Crítica: Pelé
Pelé, Brasil/Reino Unido, 2021
Documentário da Netflix mostra a trajetória do craque em paralelo com a trajetória do país
★★★★☆
Apesar de ser relativamente superficial, o documentário Pelé serve como um ótimo resumo e uma fantástica homenagem à carreira do craque considerado o maior futebolista de todos os tempos. Para contar essa história, os diretores Ben Nicholas e David Tryhorn incluem o contexto político-cultural do Brasil na era de ouro do Rei do Futebol, cobrindo as controversas relações do atleta com a mídia e com a ditadura militar brasileira. E se nada disso importar ao espectador, o filme pelo menos traz alguns dos impressionantes lances protagonizados por ele e pelas seleções brasileiras das quais ele participou entre 1958 e 1970.

Até hoje, Pelé é criticado pela falta de posicionamento político durante aquela época. Porém, essa despolitização talvez seja um reflexo de suas próprias origens. Enquanto nas cidades de grande e médio portes a ditadura militar teve efeitos claros sobre a liberdade de expressão e de manifestação política, para o Brasil profundo do qual ele veio a diferença era mínima. Para esse Brasil, ser politicamente engajado era sinônimo de torcer fanaticamente para (ou odiar intensamente) o político mais popular do momento, seja ele de esquerda ou de direita. O que Pelé não sabia é que não se posicionar politicamente também é um posicionamento político.
Obviamente, todas as correntes políticas estavam interessadas em ter o apoio do grande ídolo popular. Conquistar o apoio de Pelé significava conquistar o apoio de uma parte considerável da população brasileira. As pessoas projetavam nele um ideal de Brasil ao qual elas podiam aspirar, semelhante à forma como a família real britânica serve como um símbolo de um ideal de nação para os países membros do Reino Unido. Porém, como mostrado na série The Crown (resenha aqui), ser um símbolo nacional possui suas desvantagens e limitações.

Me fizeram pensar na época na minha carreira, na minha vida, no meu futuro que estava por vir, em como respeitar e tratar as pessoas.

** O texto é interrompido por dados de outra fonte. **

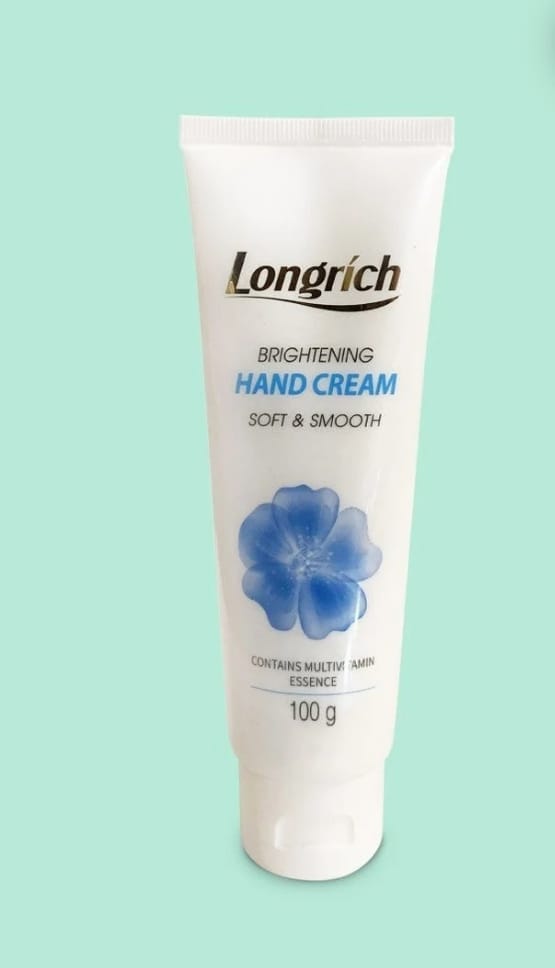 Longrich Brightening And Softening Hand Cream / Longrich Hand Lotion 100g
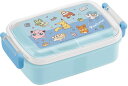 スケーター ポケモン カフェアート 子供用 お弁当箱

E viajando no mundo todo, conheci presidentes da República, atletas, políticos famosos, cantores, mágicos, enfim (…) Eu procurava nunca mostrar para ele que era o Pelé, isso aprendi com minha família. Eu nunca quis ser mais importante, nem melhor que ninguém. Eu era um excelente jogador de futebol, porque Deus me ajudava muito, e procurava passar isso para as pessoas. Acho que é por isso que hoje, em qualquer país do mundo que eu vá, eu tenho as portas abertas.
Isso significa que, além de ser um gênio do futebol, Pelé também foi um prodígio das relações públicas. O documentário mostra como o astro deixou que a mídia criasse o “mito” de Pelé ao seu redor e como ele passou vários anos ganhando dinheiro com publicidade. Nas entrevistas, suas respostas eram sempre vagas e educadas, visando agradar ao entrevistador e sem jamais deixar transparecer qualquer vestígio de opinião. Dos momentos mostrados no filme, é apenas quando fala de sua inimizade com o ex-técnico João Saldanha que ele faz comentários mais incisivos.

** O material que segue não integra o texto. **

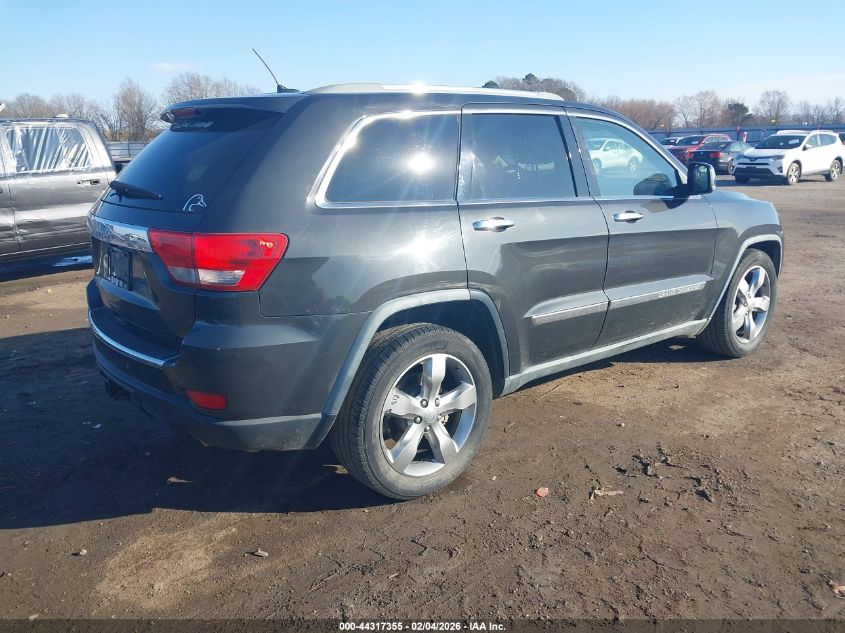 2011 Jeep Grand Cherokee Limited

No geral, o documentário Pelé não serve para mostrar o homem por trás do mito, mas sim para nos lembrar do motivo pelo qual o mito existe. Mais que isso, o filme mostra o nível de pressão ao qual ele estava submetido e como ele conseguiu suportá-la por tempo suficiente para planejar uma saída honrosa. Figuras menores já sucumbiram sob o peso da fama e do estrelato, mas, além de ser um jogador genial, Edson Arantes do Nascimento também estava preparado para suportar as consequências de sua genialidade.